11月9日、人民委員会議の指示により、ドイツとの交渉を開始する。ソビエト政権は、ボンチ=ブルエヴィッチに最高司令官就任を提案したが、彼はこの情勢下では政治家が就任すべきと考え、N.クリレンコが任命された。赤軍によるスタフカ占領後、ボリシェヴィキを「ロシアを破滅と完全消滅から救える唯一の勢力」と見て、最高司令官参謀長職を受け入れ、軍の戦闘能力の維持に努めた。11月28日、「前線からの逃亡の阻止の緊急措置」を取ることを各軍司令官に呼びかけた。軍内における選挙制の導入については、「部隊統制機構の完全な崩壊、それ故、軍の戦闘能力の完全な喪失」と考えていた。

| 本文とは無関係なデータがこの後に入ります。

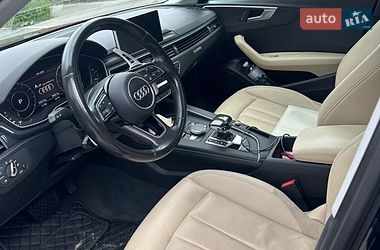 Седан Audi A4 2016 в Івано-Франківську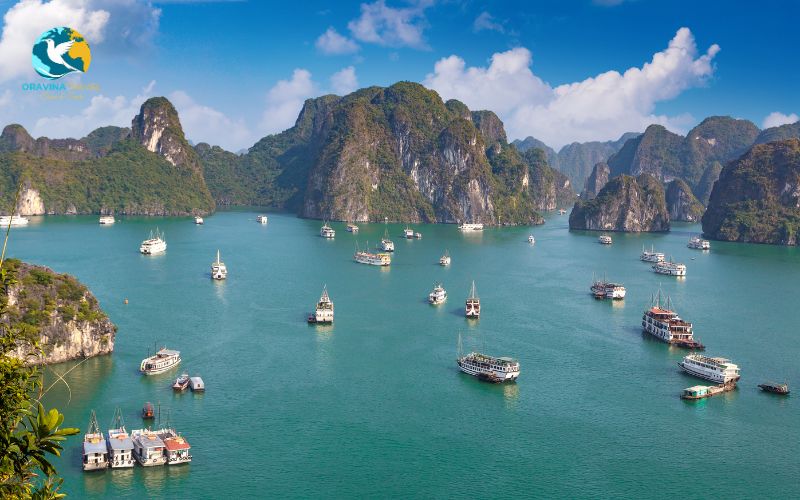 Ha Long offers a very different experience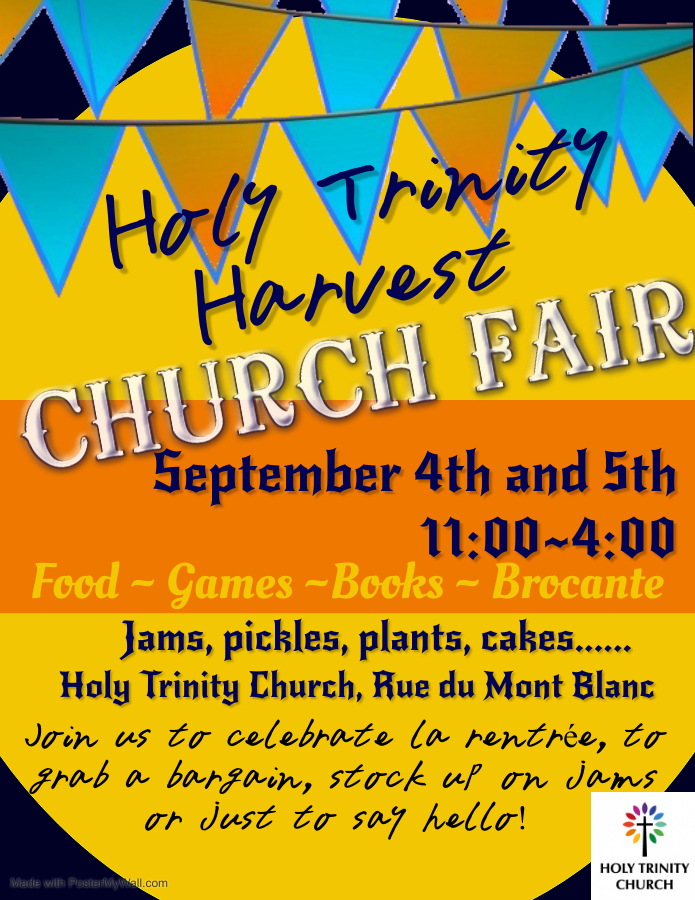 HolyTrinity Harvest Festival Church Flyer Made with PosterMyWall 5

1918年初め、軍の戦闘能力喪失について人民委員会議に報告し、ドイツとの和平署名の決断を政府に迫った。この間、軍事財産の後方への疎開を組織し、ドイツ軍の攻勢までに一部の撤収に成功した。ブレスト・リトフスク和平交渉断絶とドイツ軍の攻勢後、ウラジーミル・レーニンの要請により、モギリョフからペトログラードに出頭し、ドイツ軍への抵抗の組織を命じられた。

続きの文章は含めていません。